TERRAPLANAGEM EM
LOTEAMENTO RESIDENCIAL

José A. Lutzenberger
Porto Alegre, 2 de junho de 1997

O suplemento IMÓVEIS do dia 27.05.97 traz em sua primeira página a vista aérea, em cores, panorâmica de um enorme e absurdo crime ambiental, que, além de ter custado muito dinheiro, não beneficia ninguém. Os próprios autores que, orgulhosos, mostram o resultado de sua agressão, saem perdendo. Infelizmente, a alienação e insensibilidade que está na base deste tipo de estrago fortuito é comum em nosso país e em alguns dos países vizinhos. A imagem mostra um "loteamento" que pretende tornar-se residencial. O que se vê, é um imenso deserto lunar artificial, recortado em triângulos e retângulos de linhas retas. Os trabalhos de desertificação ainda estão em andamento, ainda falta destruir algumas pontinhas de verde. Nas partes prontas só sobra subsolo, saibro vermelho, estéril.

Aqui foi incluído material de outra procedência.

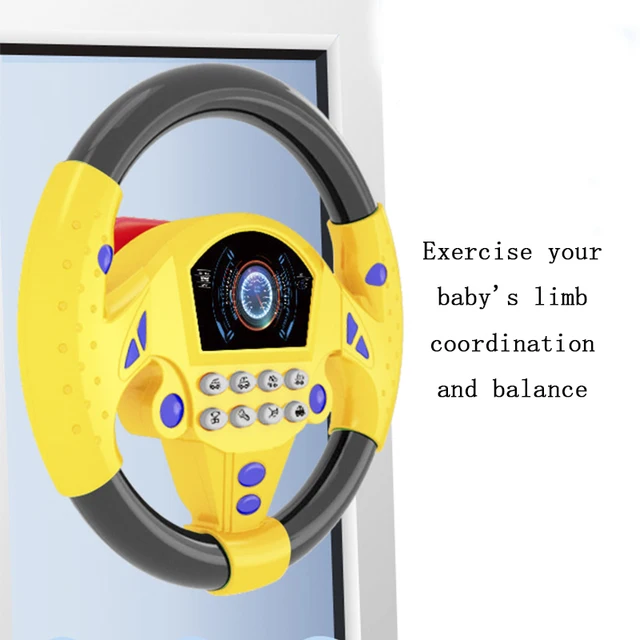 Eletric Simulation Steering Wheel Toy with Light Sound Baby Kids Musical Educational Copilot Stroller Steering Wheel Vocal Toys 4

Os estragos não vão ficar nisso. A erosão vai levar centenas, se não milhares de toneladas deste material para assorear arroios e, mais adiante, o rio. Pior ainda, aqueles desavisados que ali comprarem terreno, quando estiver pronta a casa, certamente, vão querer fazer jardim, plantar flores, árvores, fazer gramado. Mas naquele chão inerte não cresce nada. Que vão fazer? Vão comprar terra preta. Logo aparecerão os furtivos ladrões de "terra de mato". Vai surgir novo estrago, igualmente vasto e grave, ecologicamente nefasto, fora e até longe do "loteamento", um estrago mais difuso, menos visível inclusive para muitos ambientalistas e, certamente, para as cegas "autoridades", que já não cumpriram sua obrigação de impedir o primeiro grande descalabro.

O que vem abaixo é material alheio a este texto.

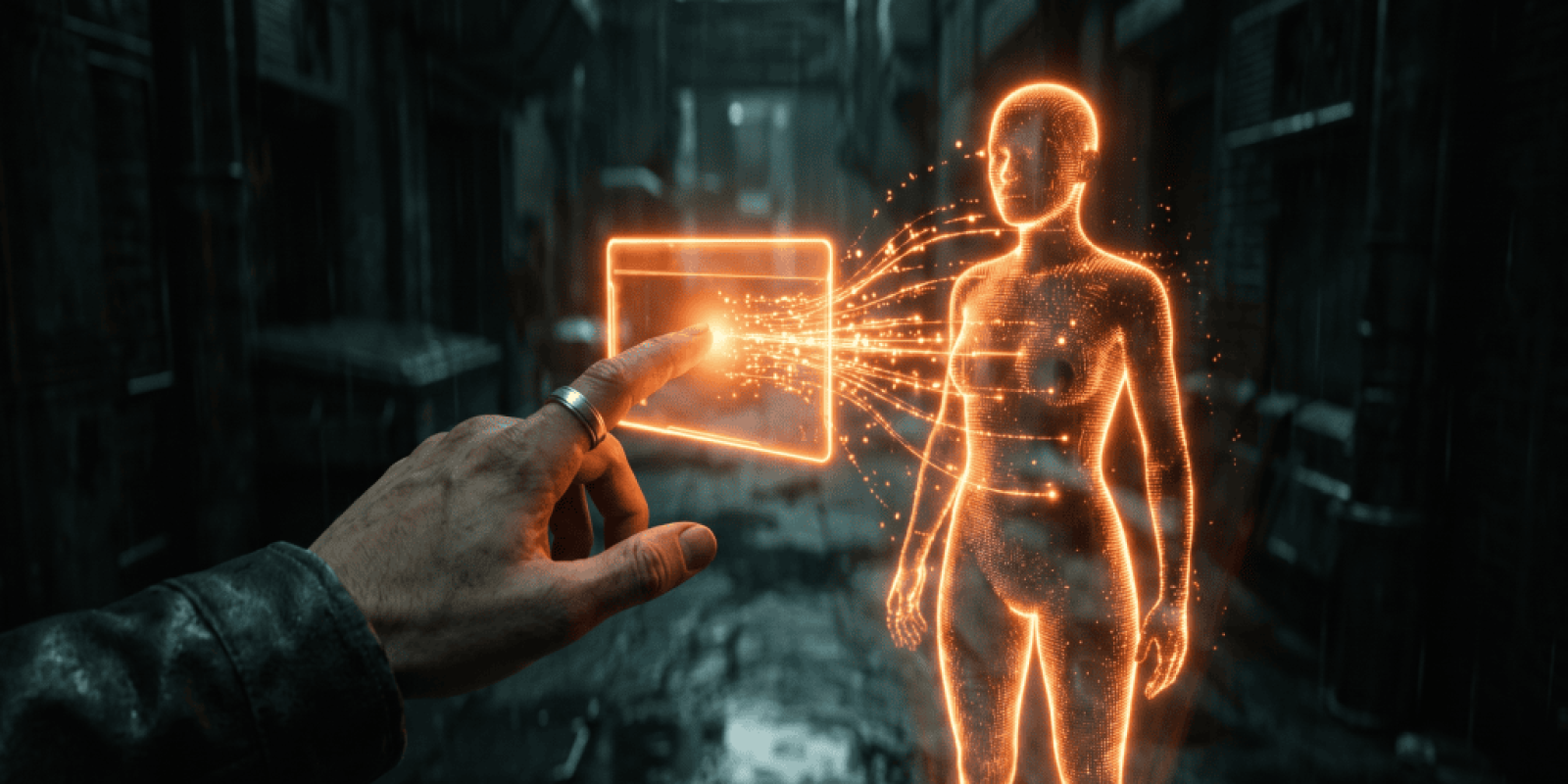 Futuristic digital human and hand interacting with holographic interface.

Sem levar em consideração se ali era lugar para permitir loteamento, temos que perguntar-nos, porque os responsáveis não enxergam que teria sido bem mais simples, mais barato, mais estético, ecologicamente menos agressivo e mais educativo planejar a ocupação em harmonia com a topografia e o ecossistema, sem violentar a primeira nem apagar o segundo. Por que não desenhar as ruas e avenidas em linhas meandrantes, acompanhando as curvas de nível? E por que não entregar a cada comprador a vegetação existente, deixando a ele a decisão de quanto vai deixar ou não. A experiência demonstra que a maioria deixa muita coisa. Temos lindos exemplos em Porto Alegre. Quando não aproveitam arbustos e árvores, aproveitam o solo fértil.

Nos pouquíssimos lugares onde a terraplenagem possa ser desejável, ela não precisa ser brutal e obliterante. Vamos descascar primeiro o meio metro de terra fértil, guardar, repor depois de terminada a modelagem. A brutalidade predominante destrói completamente o solo, misturando tudo. Nos lugares das ruas e avenidas e depois das casas, o solo retirado poderá ser levado a lugares em que seja útil ou pode ser vendido.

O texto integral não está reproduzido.